> [HOW TO COMPLETE THIS TASK]:
Treat the line containing "Foldable Baby Kids" as the first line and the final line of the material below as the last; reproduce that range exactly.

──────────────────────────────

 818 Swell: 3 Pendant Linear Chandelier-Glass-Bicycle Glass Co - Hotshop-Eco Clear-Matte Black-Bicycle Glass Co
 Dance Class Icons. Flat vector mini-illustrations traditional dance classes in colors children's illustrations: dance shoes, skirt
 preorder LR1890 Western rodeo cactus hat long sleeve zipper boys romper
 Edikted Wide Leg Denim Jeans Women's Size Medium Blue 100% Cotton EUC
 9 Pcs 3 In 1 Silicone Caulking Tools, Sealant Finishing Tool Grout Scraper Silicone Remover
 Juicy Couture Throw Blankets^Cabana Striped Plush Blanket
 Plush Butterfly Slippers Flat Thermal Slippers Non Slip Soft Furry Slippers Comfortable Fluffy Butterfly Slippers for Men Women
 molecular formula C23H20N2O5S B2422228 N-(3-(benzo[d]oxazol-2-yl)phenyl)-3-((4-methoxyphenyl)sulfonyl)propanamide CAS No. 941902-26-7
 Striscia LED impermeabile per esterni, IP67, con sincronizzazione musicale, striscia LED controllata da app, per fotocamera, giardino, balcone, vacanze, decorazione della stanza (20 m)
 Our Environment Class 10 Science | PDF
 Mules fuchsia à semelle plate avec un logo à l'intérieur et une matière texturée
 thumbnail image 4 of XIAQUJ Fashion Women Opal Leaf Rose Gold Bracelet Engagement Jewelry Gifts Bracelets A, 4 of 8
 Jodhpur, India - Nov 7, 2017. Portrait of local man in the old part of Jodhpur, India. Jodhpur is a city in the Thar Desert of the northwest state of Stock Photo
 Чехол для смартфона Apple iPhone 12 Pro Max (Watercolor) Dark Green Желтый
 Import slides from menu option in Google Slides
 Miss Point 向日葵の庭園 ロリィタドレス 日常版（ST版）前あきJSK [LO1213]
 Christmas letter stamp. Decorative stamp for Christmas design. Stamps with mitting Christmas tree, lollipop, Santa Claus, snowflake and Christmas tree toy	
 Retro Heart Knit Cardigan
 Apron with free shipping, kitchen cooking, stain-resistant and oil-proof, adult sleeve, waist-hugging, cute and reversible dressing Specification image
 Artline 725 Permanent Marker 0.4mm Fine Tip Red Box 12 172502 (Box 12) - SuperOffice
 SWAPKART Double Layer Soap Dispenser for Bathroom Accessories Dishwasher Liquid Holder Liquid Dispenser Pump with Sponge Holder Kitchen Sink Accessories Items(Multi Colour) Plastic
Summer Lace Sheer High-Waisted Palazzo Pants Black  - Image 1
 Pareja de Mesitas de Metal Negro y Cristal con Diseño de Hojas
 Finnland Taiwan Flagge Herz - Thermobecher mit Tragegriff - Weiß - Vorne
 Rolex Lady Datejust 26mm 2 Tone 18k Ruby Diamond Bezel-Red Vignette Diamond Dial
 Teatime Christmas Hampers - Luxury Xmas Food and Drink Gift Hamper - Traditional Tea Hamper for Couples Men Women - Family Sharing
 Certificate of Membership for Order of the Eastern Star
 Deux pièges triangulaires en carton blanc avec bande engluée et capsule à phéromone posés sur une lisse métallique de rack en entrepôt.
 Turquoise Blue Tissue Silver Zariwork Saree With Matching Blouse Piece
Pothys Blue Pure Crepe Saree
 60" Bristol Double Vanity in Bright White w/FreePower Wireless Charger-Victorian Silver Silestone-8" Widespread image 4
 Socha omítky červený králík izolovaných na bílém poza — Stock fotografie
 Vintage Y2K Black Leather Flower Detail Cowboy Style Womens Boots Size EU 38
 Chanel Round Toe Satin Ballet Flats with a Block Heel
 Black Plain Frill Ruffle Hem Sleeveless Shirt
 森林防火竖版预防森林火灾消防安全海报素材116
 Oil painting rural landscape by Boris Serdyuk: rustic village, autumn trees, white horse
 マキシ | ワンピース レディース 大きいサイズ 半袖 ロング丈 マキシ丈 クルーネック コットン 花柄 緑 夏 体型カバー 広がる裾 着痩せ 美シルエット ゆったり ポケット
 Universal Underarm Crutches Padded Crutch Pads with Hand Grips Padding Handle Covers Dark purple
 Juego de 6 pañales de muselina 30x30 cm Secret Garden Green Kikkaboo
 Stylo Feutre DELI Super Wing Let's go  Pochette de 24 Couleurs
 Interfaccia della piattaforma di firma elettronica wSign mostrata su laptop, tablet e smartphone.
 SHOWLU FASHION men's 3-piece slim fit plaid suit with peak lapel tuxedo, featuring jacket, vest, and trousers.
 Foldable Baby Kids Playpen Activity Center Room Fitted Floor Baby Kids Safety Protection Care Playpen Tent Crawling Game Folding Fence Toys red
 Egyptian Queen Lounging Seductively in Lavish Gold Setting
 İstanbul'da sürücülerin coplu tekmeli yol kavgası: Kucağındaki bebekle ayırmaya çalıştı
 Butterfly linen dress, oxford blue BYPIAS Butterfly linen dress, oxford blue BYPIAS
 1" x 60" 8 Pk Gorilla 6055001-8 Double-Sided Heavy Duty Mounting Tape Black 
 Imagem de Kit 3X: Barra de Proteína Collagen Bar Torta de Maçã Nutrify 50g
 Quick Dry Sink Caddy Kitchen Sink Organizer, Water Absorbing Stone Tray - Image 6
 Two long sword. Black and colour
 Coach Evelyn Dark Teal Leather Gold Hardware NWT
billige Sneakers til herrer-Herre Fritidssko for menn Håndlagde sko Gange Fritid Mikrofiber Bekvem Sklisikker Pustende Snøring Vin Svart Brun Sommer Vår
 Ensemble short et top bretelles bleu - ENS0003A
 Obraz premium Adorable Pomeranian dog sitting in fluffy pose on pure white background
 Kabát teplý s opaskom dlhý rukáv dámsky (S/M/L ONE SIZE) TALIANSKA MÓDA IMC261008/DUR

──────────────────────────────

> [TASK RESULT]:
 Foldable Baby Kids Playpen Activity Center Room Fitted Floor Baby Kids Safety Protection Care Playpen Tent Crawling Game Folding Fence Toys red
 Egyptian Queen Lounging Seductively in Lavish Gold Setting
 İstanbul'da sürücülerin coplu tekmeli yol kavgası: Kucağındaki bebekle ayırmaya çalıştı
 Butterfly linen dress, oxford blue BYPIAS Butterfly linen dress, oxford blue BYPIAS
 1" x 60" 8 Pk Gorilla 6055001-8 Double-Sided Heavy Duty Mounting Tape Black 
 Imagem de Kit 3X: Barra de Proteína Collagen Bar Torta de Maçã Nutrify 50g
 Quick Dry Sink Caddy Kitchen Sink Organizer, Water Absorbing Stone Tray - Image 6
 Two long sword. Black and colour
 Coach Evelyn Dark Teal Leather Gold Hardware NWT
billige Sneakers til herrer-Herre Fritidssko for menn Håndlagde sko Gange Fritid Mikrofiber Bekvem Sklisikker Pustende Snøring Vin Svart Brun Sommer Vår
 Ensemble short et top bretelles bleu - ENS0003A
 Obraz premium Adorable Pomeranian dog sitting in fluffy pose on pure white background
 Kabát teplý s opaskom dlhý rukáv dámsky (S/M/L ONE SIZE) TALIANSKA MÓDA IMC261008/DUR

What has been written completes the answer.